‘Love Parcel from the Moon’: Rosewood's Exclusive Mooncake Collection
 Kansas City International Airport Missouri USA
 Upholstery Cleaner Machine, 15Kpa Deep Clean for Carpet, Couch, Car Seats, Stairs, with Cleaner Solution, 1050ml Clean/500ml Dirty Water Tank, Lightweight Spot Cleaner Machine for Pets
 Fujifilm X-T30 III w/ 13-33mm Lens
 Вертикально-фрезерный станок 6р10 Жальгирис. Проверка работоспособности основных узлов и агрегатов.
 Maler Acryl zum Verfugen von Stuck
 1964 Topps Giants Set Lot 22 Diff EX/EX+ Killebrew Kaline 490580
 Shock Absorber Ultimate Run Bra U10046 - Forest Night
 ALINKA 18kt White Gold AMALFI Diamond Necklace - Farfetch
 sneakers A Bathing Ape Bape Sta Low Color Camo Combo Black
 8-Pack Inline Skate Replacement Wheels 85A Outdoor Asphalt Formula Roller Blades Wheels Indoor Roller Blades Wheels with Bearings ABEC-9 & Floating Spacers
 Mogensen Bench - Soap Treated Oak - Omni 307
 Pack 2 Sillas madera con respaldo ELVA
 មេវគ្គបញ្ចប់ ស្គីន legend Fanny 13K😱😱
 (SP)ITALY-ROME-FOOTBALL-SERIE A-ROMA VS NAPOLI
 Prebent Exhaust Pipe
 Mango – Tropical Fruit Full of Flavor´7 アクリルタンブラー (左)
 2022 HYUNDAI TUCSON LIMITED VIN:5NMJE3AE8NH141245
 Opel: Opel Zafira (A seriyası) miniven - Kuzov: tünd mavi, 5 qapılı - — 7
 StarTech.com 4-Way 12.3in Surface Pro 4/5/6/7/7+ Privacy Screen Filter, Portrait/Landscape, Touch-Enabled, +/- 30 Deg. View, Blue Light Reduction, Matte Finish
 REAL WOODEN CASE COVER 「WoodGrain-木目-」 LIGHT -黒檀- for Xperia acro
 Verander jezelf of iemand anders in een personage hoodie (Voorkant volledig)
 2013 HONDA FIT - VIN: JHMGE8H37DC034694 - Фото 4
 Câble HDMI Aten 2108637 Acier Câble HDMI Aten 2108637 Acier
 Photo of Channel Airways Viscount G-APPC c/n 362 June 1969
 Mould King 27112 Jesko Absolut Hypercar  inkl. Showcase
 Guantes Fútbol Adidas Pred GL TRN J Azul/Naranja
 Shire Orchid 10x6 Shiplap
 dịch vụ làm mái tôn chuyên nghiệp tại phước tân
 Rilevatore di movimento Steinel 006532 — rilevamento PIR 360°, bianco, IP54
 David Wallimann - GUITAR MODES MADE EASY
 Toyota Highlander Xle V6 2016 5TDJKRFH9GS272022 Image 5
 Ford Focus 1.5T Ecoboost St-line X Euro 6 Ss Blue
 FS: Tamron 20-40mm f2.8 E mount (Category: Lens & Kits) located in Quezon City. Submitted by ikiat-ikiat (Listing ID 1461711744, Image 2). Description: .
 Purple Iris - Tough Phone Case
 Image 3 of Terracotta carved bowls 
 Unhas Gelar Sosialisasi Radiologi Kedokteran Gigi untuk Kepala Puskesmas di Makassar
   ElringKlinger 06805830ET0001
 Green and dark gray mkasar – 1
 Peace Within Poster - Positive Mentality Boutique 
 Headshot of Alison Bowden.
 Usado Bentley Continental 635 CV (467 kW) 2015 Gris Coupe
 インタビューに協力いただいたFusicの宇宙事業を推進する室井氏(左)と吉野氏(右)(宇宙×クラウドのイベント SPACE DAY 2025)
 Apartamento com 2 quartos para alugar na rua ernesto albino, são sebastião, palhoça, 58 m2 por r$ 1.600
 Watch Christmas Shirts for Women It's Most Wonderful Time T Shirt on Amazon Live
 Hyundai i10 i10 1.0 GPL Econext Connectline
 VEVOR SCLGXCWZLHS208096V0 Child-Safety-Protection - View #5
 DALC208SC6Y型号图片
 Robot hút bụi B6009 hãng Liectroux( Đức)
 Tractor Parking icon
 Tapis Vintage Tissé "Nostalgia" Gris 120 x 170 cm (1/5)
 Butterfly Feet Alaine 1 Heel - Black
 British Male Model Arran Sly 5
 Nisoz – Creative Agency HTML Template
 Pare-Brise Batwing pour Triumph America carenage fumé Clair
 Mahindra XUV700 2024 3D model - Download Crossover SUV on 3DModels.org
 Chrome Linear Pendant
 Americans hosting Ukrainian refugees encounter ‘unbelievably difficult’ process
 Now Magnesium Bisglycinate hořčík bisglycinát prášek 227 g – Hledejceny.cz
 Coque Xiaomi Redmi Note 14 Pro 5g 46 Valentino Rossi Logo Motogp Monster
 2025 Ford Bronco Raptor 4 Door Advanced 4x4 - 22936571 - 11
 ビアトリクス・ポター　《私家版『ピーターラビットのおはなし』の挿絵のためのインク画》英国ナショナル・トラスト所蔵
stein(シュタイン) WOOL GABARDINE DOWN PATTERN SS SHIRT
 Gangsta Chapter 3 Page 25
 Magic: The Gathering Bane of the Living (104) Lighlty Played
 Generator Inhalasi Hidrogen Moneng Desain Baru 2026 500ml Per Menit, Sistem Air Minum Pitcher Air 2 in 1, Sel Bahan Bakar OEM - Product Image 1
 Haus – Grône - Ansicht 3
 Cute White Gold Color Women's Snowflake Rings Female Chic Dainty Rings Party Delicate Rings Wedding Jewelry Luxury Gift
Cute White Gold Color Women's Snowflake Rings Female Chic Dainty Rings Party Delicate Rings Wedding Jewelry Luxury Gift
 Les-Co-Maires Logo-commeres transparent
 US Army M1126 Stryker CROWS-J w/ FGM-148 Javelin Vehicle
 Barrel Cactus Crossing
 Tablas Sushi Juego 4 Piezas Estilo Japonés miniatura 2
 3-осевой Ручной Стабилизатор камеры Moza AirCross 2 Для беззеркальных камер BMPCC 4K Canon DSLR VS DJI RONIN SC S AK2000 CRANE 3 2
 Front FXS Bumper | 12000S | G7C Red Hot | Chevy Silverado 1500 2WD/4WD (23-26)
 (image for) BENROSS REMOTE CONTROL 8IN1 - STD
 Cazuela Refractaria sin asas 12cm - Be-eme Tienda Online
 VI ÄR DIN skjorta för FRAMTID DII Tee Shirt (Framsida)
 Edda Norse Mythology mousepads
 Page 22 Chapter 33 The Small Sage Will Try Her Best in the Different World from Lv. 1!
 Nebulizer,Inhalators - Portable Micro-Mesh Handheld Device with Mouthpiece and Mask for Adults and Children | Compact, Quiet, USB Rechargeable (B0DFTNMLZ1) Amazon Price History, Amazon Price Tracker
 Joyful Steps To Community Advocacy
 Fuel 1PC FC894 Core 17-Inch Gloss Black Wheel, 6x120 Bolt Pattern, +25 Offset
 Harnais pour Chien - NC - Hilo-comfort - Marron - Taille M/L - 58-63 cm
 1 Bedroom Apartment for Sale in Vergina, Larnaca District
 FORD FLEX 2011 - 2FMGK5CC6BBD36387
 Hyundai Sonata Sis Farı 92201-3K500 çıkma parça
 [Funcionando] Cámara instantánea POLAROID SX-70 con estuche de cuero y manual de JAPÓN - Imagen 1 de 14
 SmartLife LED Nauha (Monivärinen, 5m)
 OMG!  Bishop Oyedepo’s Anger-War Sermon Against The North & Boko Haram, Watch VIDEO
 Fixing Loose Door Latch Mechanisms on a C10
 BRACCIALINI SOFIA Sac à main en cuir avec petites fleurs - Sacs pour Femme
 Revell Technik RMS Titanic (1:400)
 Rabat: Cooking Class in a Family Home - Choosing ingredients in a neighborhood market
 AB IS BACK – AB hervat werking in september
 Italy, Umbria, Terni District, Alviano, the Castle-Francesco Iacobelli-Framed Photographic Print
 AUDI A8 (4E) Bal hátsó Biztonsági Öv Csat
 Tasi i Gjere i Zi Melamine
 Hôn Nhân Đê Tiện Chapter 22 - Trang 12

Work required.
The answer should consist solely of the lines from the first line above through the one with "1964 Topps Giants", both included, repeated exactly.

Task answer.
‘Love Parcel from the Moon’: Rosewood's Exclusive Mooncake Collection
 Kansas City International Airport Missouri USA
 Upholstery Cleaner Machine, 15Kpa Deep Clean for Carpet, Couch, Car Seats, Stairs, with Cleaner Solution, 1050ml Clean/500ml Dirty Water Tank, Lightweight Spot Cleaner Machine for Pets
 Fujifilm X-T30 III w/ 13-33mm Lens
 Вертикально-фрезерный станок 6р10 Жальгирис. Проверка работоспособности основных узлов и агрегатов.
 Maler Acryl zum Verfugen von Stuck
 1964 Topps Giants Set Lot 22 Diff EX/EX+ Killebrew Kaline 490580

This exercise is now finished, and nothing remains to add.